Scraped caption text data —
- Opening Delimiter -
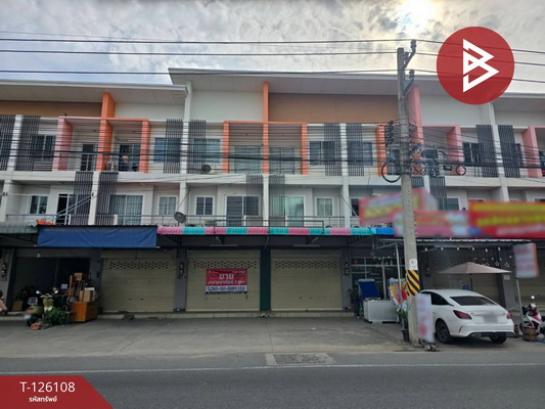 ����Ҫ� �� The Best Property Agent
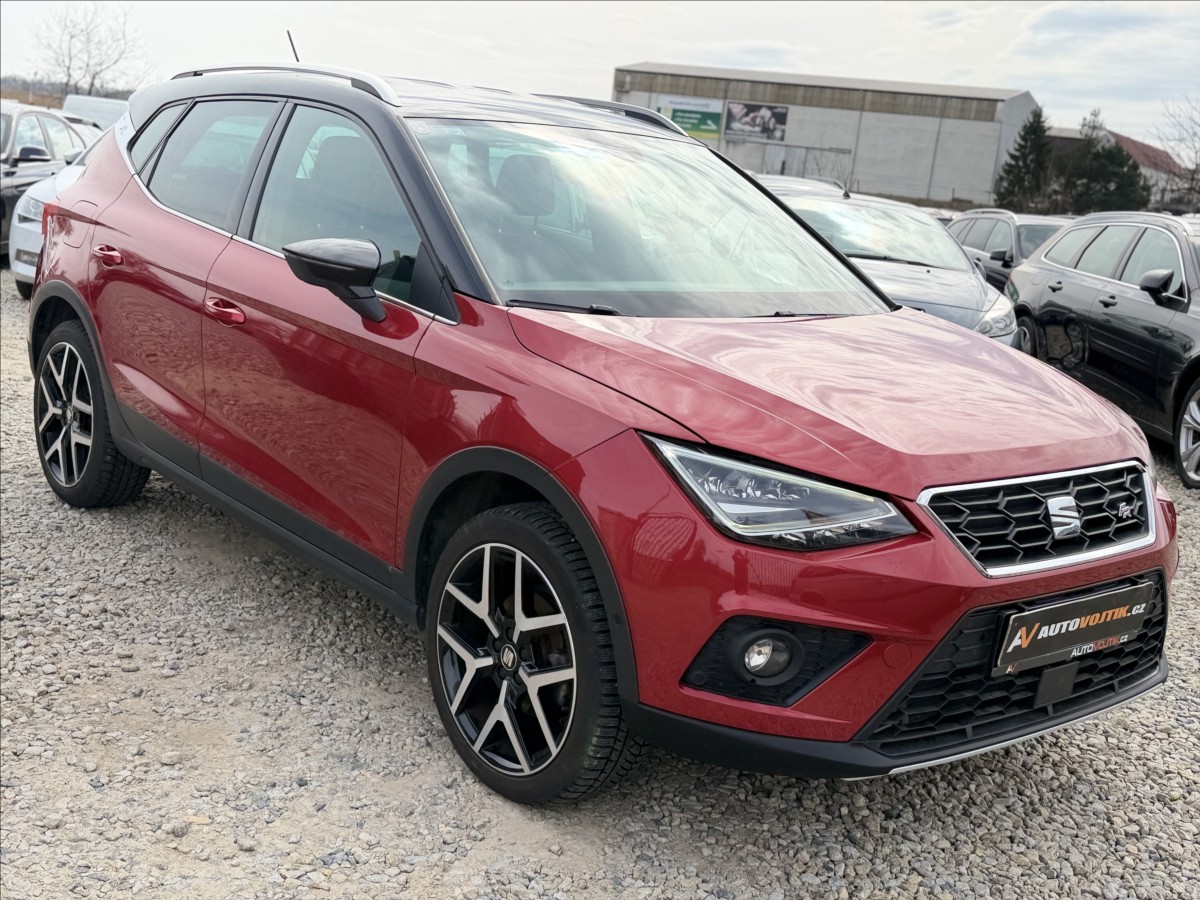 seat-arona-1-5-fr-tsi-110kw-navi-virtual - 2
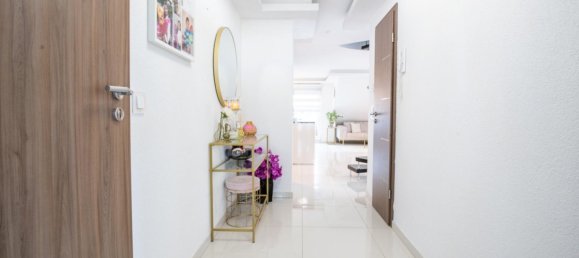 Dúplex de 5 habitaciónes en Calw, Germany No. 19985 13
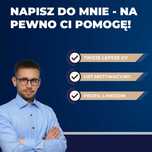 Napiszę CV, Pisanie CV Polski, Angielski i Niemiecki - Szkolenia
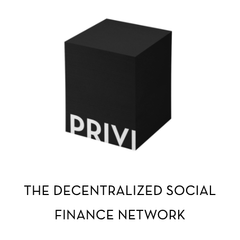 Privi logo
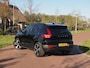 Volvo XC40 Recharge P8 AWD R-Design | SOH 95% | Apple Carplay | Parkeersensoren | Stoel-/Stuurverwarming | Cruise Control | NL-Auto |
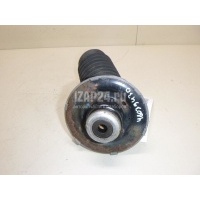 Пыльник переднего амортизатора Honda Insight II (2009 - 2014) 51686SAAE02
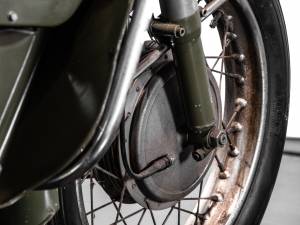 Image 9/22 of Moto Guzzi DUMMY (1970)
- Closing Delimiter -
- Opening Delimiter -
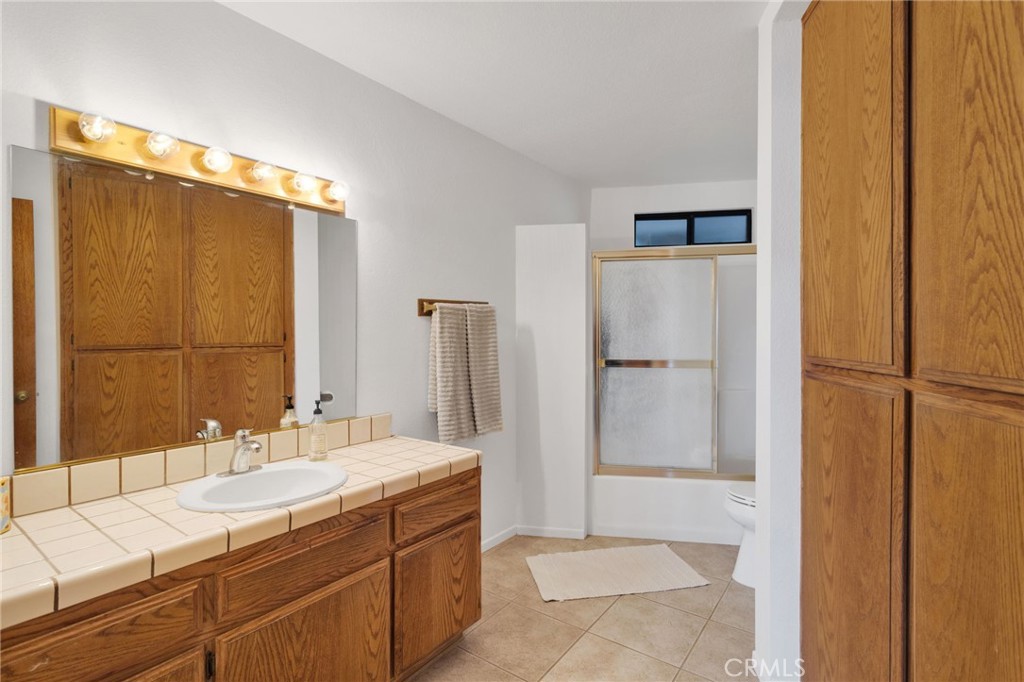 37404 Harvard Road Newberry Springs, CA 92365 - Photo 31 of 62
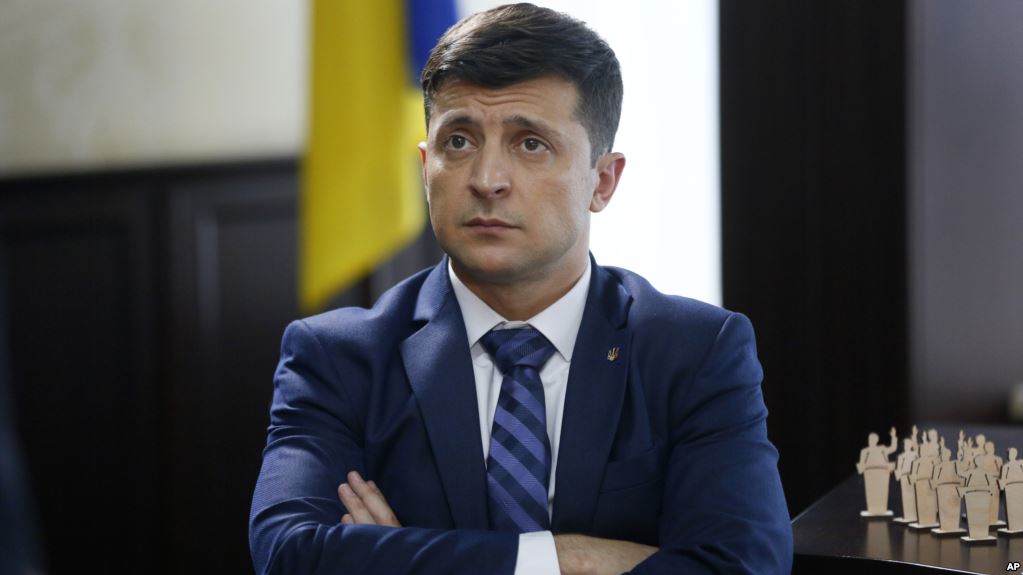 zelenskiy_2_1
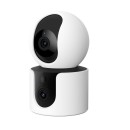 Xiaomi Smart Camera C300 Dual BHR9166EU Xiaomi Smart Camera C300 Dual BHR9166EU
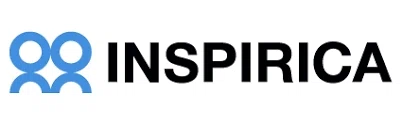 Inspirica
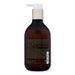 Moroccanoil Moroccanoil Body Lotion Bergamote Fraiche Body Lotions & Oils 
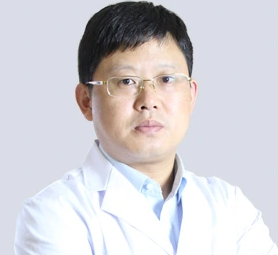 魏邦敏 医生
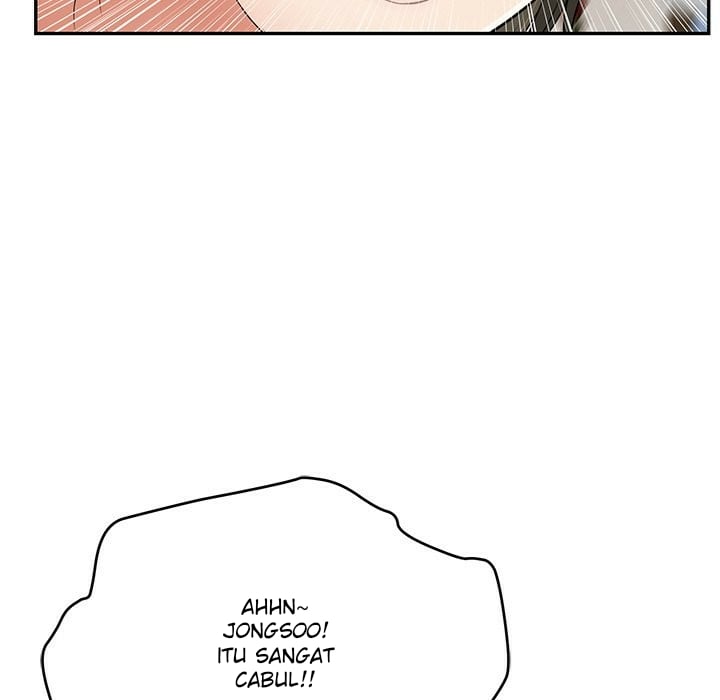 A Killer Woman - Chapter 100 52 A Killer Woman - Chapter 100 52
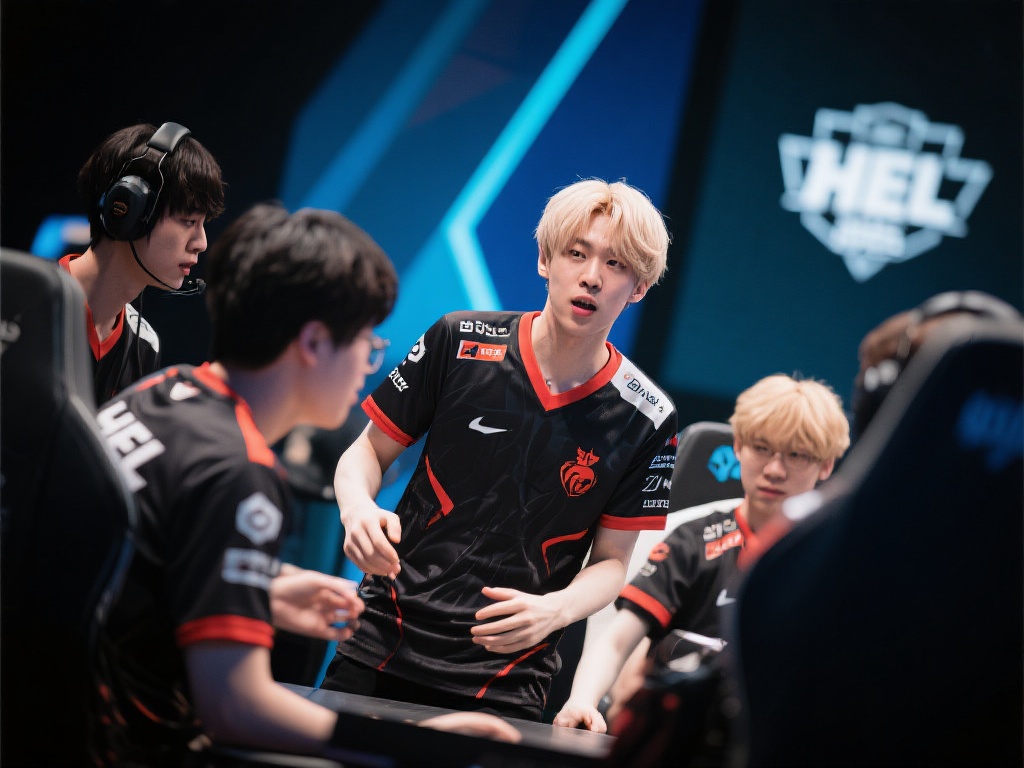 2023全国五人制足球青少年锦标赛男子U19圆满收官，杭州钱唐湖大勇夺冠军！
- Closing Delimiter -
Task directions —
The response must repeat exactly the lines above from the one with "Napiszę CV, Pisanie" through the one with "Image 9/22 of Moto Guzzi DUMMY (1970)", including both, and must contain no pictures and no other text.

Your solution —
 Napiszę CV, Pisanie CV Polski, Angielski i Niemiecki - Szkolenia
 Privi logo
 Volvo XC40 Recharge P8 AWD R-Design | SOH 95% | Apple Carplay | Parkeersensoren | Stoel-/Stuurverwarming | Cruise Control | NL-Auto |
 Пыльник переднего амортизатора Honda Insight II (2009 - 2014) 51686SAAE02
 Image 9/22 of Moto Guzzi DUMMY (1970)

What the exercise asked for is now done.